[<prev] [next>] [<thread-prev] [thread-next>] [day] [month] [year] [list]
Message-ID: <CAHpGcMJu47qQEFgzSvodbpJtPz71HFrG66wbrXR_6AdbkZsOOw@mail.gmail.com>
Date: Wed, 4 Jan 2023 20:02:56 +0100
From: Andreas Grünbacher <andreas.gruenbacher@...il.com>
To: "Darrick J. Wong" <djwong@...nel.org>
Cc: Andreas Gruenbacher <agruenba@...hat.com>,
Christoph Hellwig <hch@...radead.org>,
Alexander Viro <viro@...iv.linux.org.uk>,
Matthew Wilcox <willy@...radead.org>,
linux-xfs@...r.kernel.org, linux-fsdevel@...r.kernel.org,
linux-ext4@...r.kernel.org, cluster-devel@...hat.com
Subject: Re: [PATCH v5 7/9] iomap/xfs: Eliminate the iomap_valid handler
Am Mi., 4. Jan. 2023 um 19:00 Uhr schrieb Darrick J. Wong <djwong@...nel.org>:
> On Sat, Dec 31, 2022 at 04:09:17PM +0100, Andreas Gruenbacher wrote:
> > Eliminate the ->iomap_valid() handler by switching to a ->get_folio()

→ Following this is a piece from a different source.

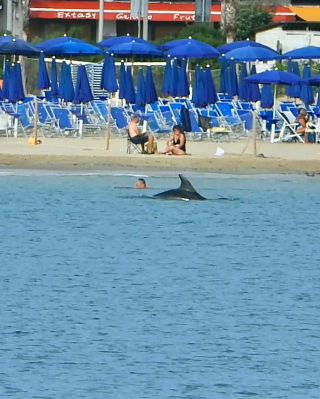 Civitanova Marche - Per il delfino Osvaldo ultimo bagno prima dell’allerta meteo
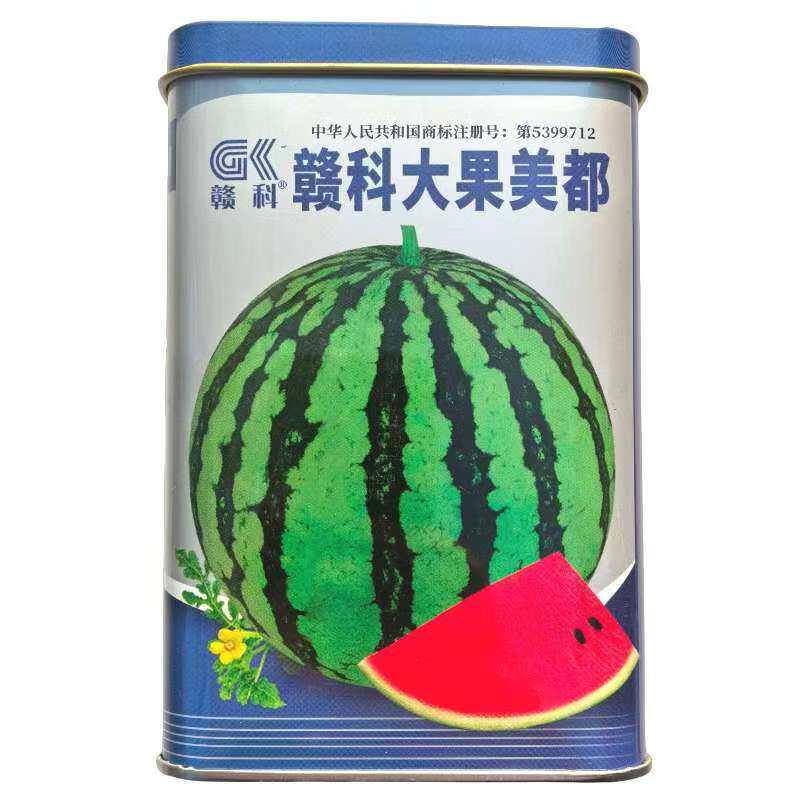 赣科大果美都西瓜种子早熟花皮西瓜种子高糖长椭圆形西瓜种子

> > handler and validating the mapping there.
> >
> > Signed-off-by: Andreas Gruenbacher <agruenba@...hat.com>
> > ---
> > fs/iomap/buffered-io.c | 25 +++++--------------------
> > fs/xfs/xfs_iomap.c | 37 ++++++++++++++++++++++++++-----------
> > include/linux/iomap.h | 22 +++++-----------------
> > 3 files changed, 36 insertions(+), 48 deletions(-)
> >
> > diff --git a/fs/iomap/buffered-io.c b/fs/iomap/buffered-io.c
> > index 4f363d42dbaf..df6fca11f18c 100644
> > --- a/fs/iomap/buffered-io.c
> > +++ b/fs/iomap/buffered-io.c
> > @@ -630,7 +630,7 @@ static int iomap_write_begin(struct iomap_iter *iter, loff_t pos,
> > const struct iomap_page_ops *page_ops = iter->iomap.page_ops;
> > const struct iomap *srcmap = iomap_iter_srcmap(iter);
> > struct folio *folio;
> > - int status = 0;
> > + int status;
> >
> > BUG_ON(pos + len > iter->iomap.offset + iter->iomap.length);
> > if (srcmap != &iter->iomap)
> > @@ -646,27 +646,12 @@ static int iomap_write_begin(struct iomap_iter *iter, loff_t pos,
> > folio = page_ops->get_folio(iter, pos, len);
> > else
> > folio = iomap_get_folio(iter, pos);
> > - if (IS_ERR(folio))
> > - return PTR_ERR(folio);
> > -
> > - /*
> > - * Now we have a locked folio, before we do anything with it we need to
> > - * check that the iomap we have cached is not stale. The inode extent
> > - * mapping can change due to concurrent IO in flight (e.g.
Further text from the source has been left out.